Figure 20a,b show the mechanical stress and displacement that occurs at 14,400 rpm (20% overspeed) for the base machine with N45UH magnets and epoxy-filled rotor pockets. Stress concentrations are most pronounced at the inner rotor and extend toward the inner tip of the first rotor pocket, where the stress levels peak at 186 MPa. Lesser stress concentrations are observed at the bridges, as expected. Despite these variations, the PMSM operates with a factor of safety of 2.39 and an average stress of 43.9 MPa. The corresponding peak displacement of 0.02 mm is deemed acceptable and is concentrated in the gap between the layers and outer magnet layer bridge section, presenting no issues with rotor-stator clearance.

Figure 21a shows the stress experienced within a section of the PMaSynRM. The tangential ribs bear much of the force as well as the bridges. Noting that the yield stress of the electrical steel is 445 MPa, the stress model shows an acceptable level of stress with an average of 27.08 MPa. It is likely that the peak of 352 MPa is found in the corners, which could be rectified by employing larger magnet and lamination corner radii. The displacement of the flux barriers of the machine in Figure 21b is highest near the bridge of the outermost flux barrier and could be critical if the distance between the air gap was compromised. Fortunately, the displacement reaches no more than 0.025 mm, which is an acceptable level, encroaching no more than 2.5% of the air gap.

Despite an average mechanical stress of 68.6 MPa, the rotor experiences two maxima in the corners (570 MPa), which is beyond the yield stress in Figure 22a.
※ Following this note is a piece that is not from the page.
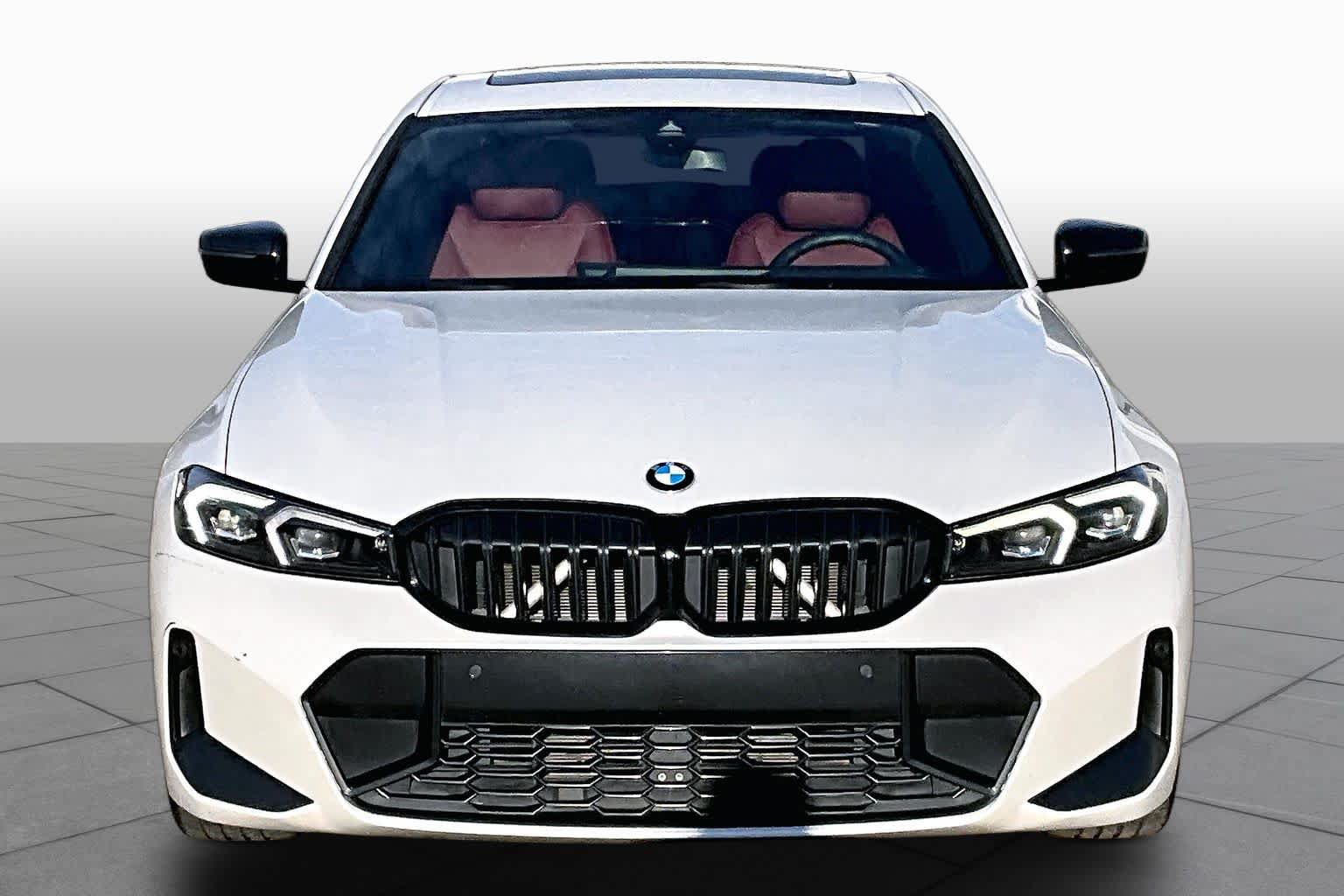 Used 2023 BMW 330i Sedan w/ M Sport Package RWD image 4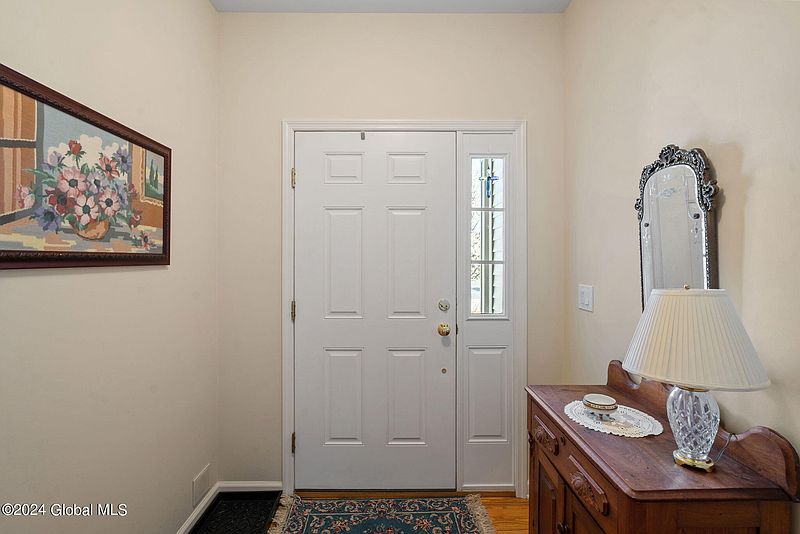 3rd image of 29 Hampton Circle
However, this should not be a cause for concern for the topology with an adjustment of the corner radii. Displacement is highest in the pole-edge tips at 0.028 mm and the winding in Figure 22b. Study [70] identified stress concentrations in the same locations, all of which were significantly below their material’s yield stress because of smoother corner radii on either side of the rotor winding.

It is important to note that due to the slight decrease in density that the recycling process yields, a marginal decrease in stress is seen in these variations. The use of ferrites results in a more pronounced decrease in stress and displacement due to the ferrite density of 4800 kg/m³ versus 7600 kg/m³ for the N45UH magnets. These are shown in

Table 5. Mechanical results for all machine variations.
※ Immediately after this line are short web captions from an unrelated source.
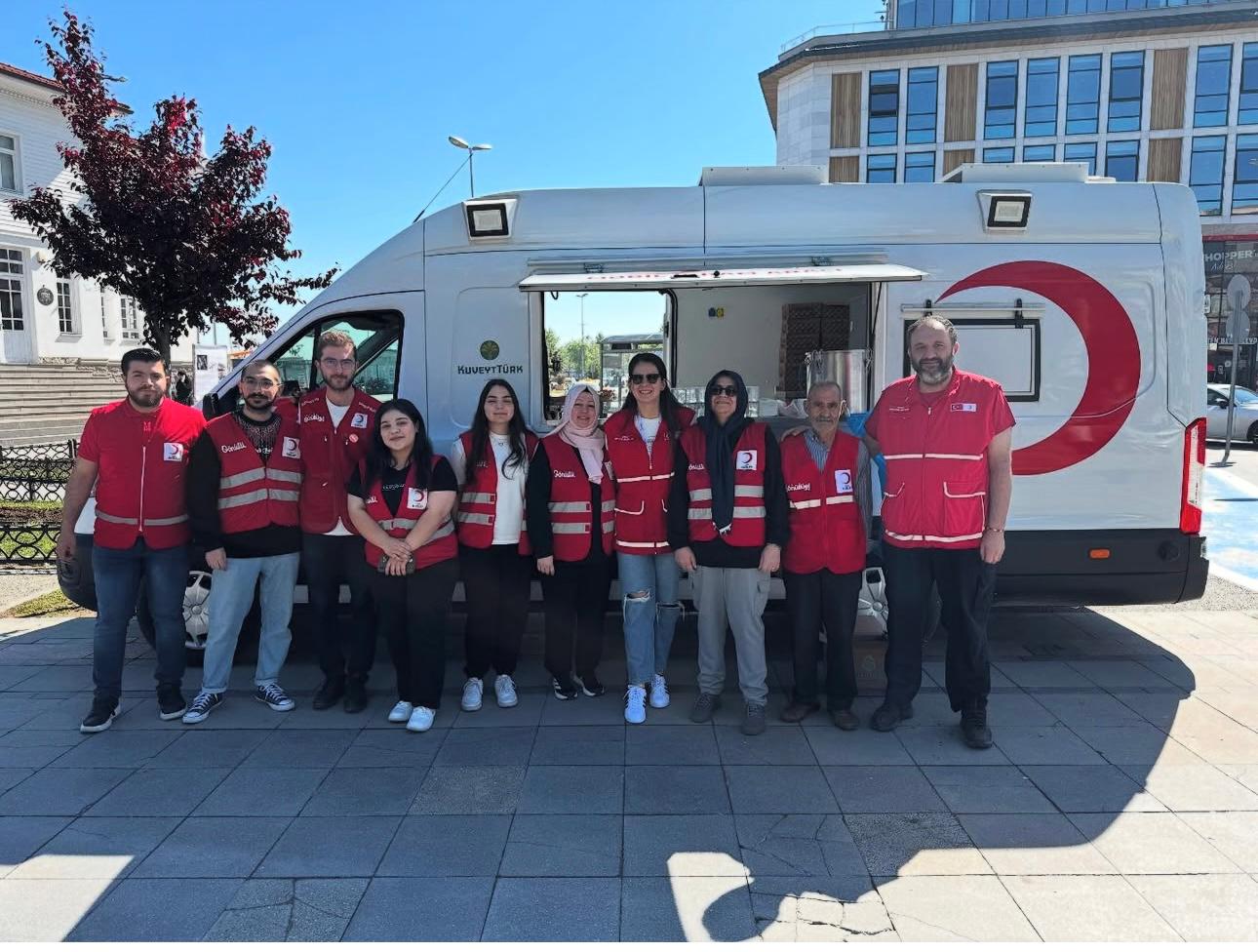 Yalova’da 19 Mayıs Coşkusu: Kızılay’dan Vatandaşlara Çorba ve Çay İkramı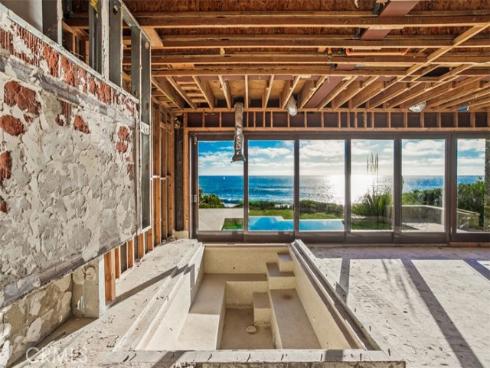 25  Bay  , Laguna Beach, CA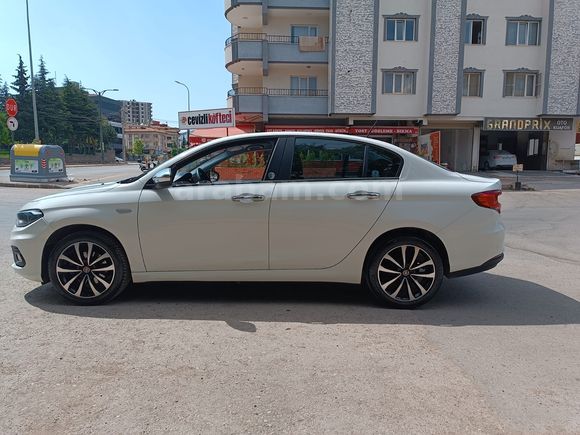 Düşük kilometre full servis bakımlı Sahibinden Fiat Egea mirror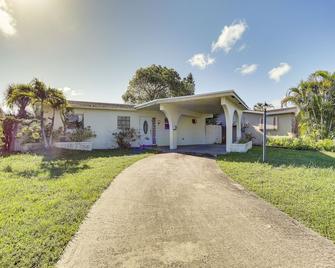 North Lauderdale Vacation Rental: 8 Mi to Beach! - North Lauderdale - Building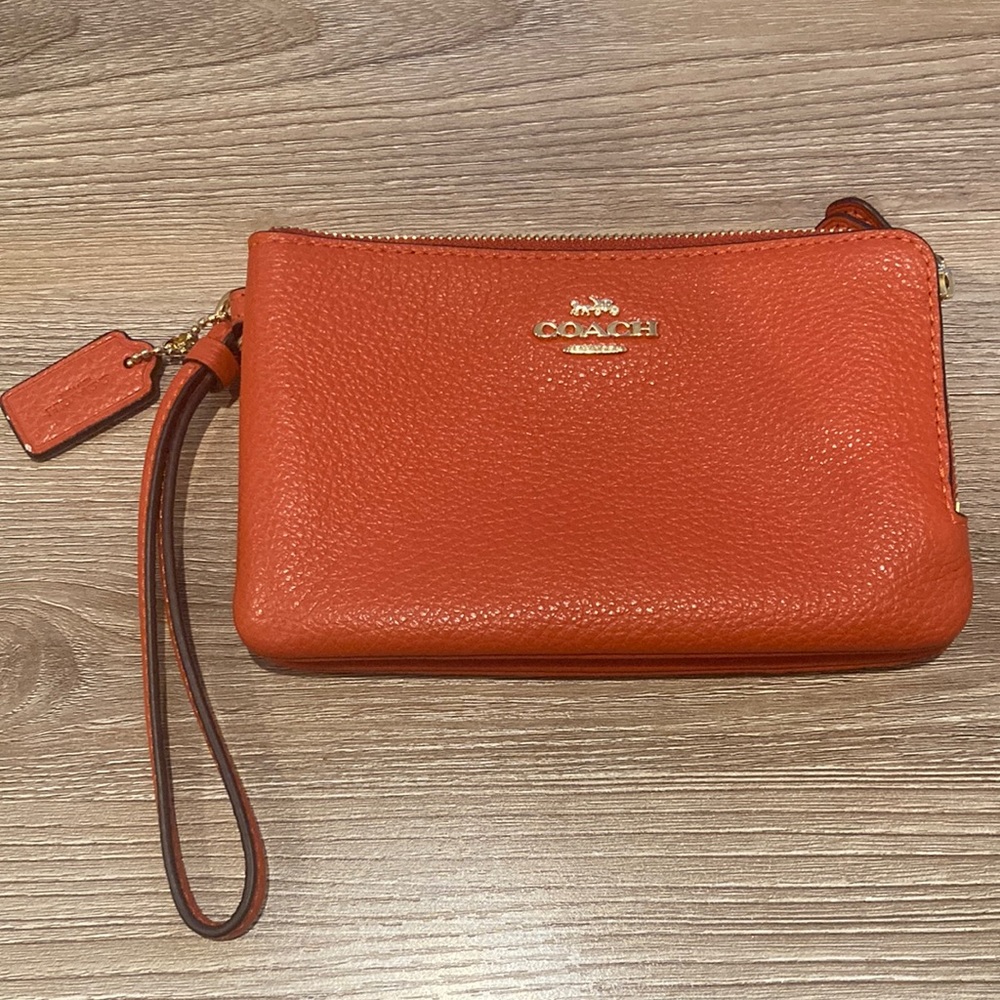 Coach corner zip wristlet red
Attribute	B-N45	B-N38	B-Y34	P-N45	P-N38	P-Y34	WFSM
Peak stress (MPa)	186	185	173	352	351	329	570
Average stress (MPa)	43.9	43.5	39.5	27.1	27.0	26.3	68.6
Peak displacement (mm)	0.022	0.022	0.020	0.025	0.025	0.024	0.029
Average displacement (mm)	0.020	0.020	0.019	0.022	0.022	0.022	0.022
Safety factor	2.39	2.40	2.57	1.26	1.27	1.35	0.76

.

4.6. Demagnetisation Resilience

During the demagnetisation event, a short-circuit fault was assumed to occur whose peak current in the direct quadrature axis was input into the subsequent demagnetisation calculation. The magnet temperature was set to 160 °C and the winding at 180 °C. Due to this, the ferrite maximum torque production is inhibited before the event. Figure 23 shows the effect on torque production for the base machines before and after a short circuit demagnetisation event. Interestingly, despite starting from a similar torque, the recycled magnets were able to produce higher torque after the event, dropping by 27% versus 39% for the primary magnets. This is likely due to slightly higher intrinsic coercivity at 2025 KA/m, versus 1910 KA/m for the primary magnet. Only a 21% drop was experienced by the machine with ferrites, although this result may be skewed from its much lower starting point.
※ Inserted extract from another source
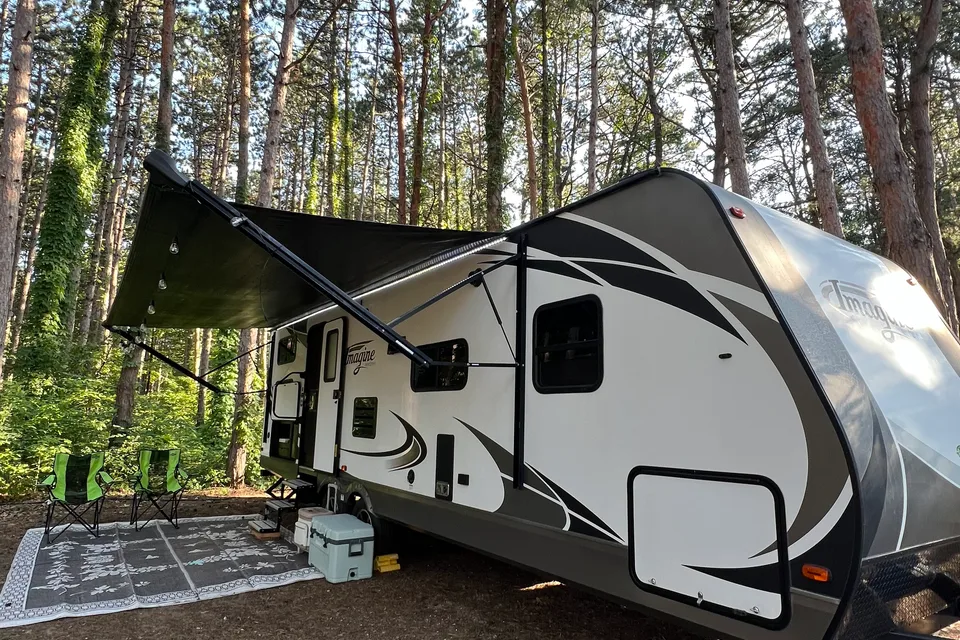 Inochi's Grand Design Imagine - Cozy Camper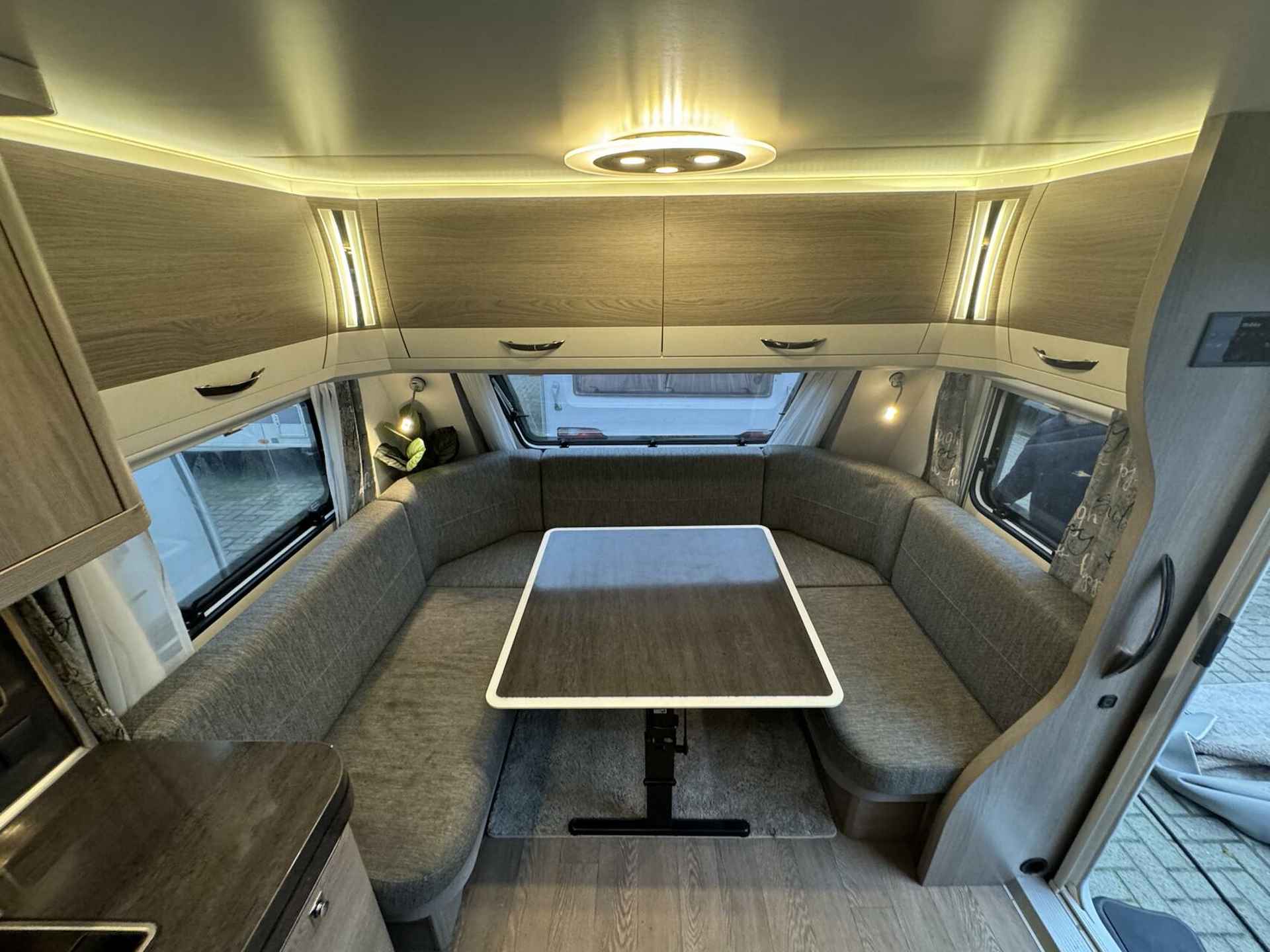 HOBBY PRESTIGE 720 KWFU XXL CARAVANSHOW 24,25,26 januari - 9/30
Figure 24 shows the demagnetisation event for all of the PMaSynRMs. Here, the difference between the primary and secondary magnets is indistinguishable after th event. The effect on all machines is very small due to much lesser reliance on the PM for magnetic alignment torque. The machine with primary magnets experiences only a 1.5% torque reduction, with secondary magnets it is only 0.4%, and with ferrite magnets, it is greater at 14.3%. The difference in the starting peak torque between the PMaSynRMs and the base machines is likely due to the different phase advances specified in the torque drive cycle file. The optimal/peak for the PMSM machines is 40/45°, but for the PMaSynRMs it is 50°.

Table 6. Demagnetisation effects on torque production for all topologies and magnet combinations.

Attribute	B-N45	B-N38	B-Y34	P-N45	P-N38	P-Y34	WFSM
Pre-torque (Nm)	399	383	222	293	289	253	-
Post-Torque (Nm)	244	277	151	288	288	217	-
Change (%)	−39	−28	−32	−1.7	−0.3	−14.2	0

summarises the findings from both topologies.

5. Discussion

This section discusses the previous results section in terms of cost, recommendations for practice, contributions to knowledge, limitations, and how to take the research further.

5.1. Cost Analysis

The estimated material costs for each active material constituent are shown in

Table 7. Material cost estimations.

Machine Component	Material	Cost (GBP/kg)	Reference(s)
Rotor	N018-1160	2.50	[74,76]
Stator	N018-1160	2.50	[74,76]
Electrical steel scrap	N018-1160	0.25	[74]
Winding	Copper (Pure)	12.30	[74,78]
Shaft	Stahl 37	1.21	[74,76]
Magnets	N45UH, recycled N45UH, ferrites	130, 75, 8	[6,27,74,79,80,81]

. Estimations for the machine materials are guided by a combination of [74], commodity price data, and respective cost fluctuations between the approximate publish date (taken as August 2020 for simplicity) and the writing of this research (10 August 2024). The study assumed 2 GBP/kg for steel laminations. Since then, the steel commodity price has decreased 19.6% [76]. Considering that the initial cost was for a thicker steel lamination (0.5 mm) compared to NO18-160 (0.18 mm), and acknowledging the higher cost of thinner grades, a price of 2.50 GBP/kg is reasonable [77]. The shaft was assumed to decrease in the same proportion due to the same raw steel material. The raw price of copper in this time period has increased 39.6%, increasing the assumed price to 12.30 GBP/kg [78].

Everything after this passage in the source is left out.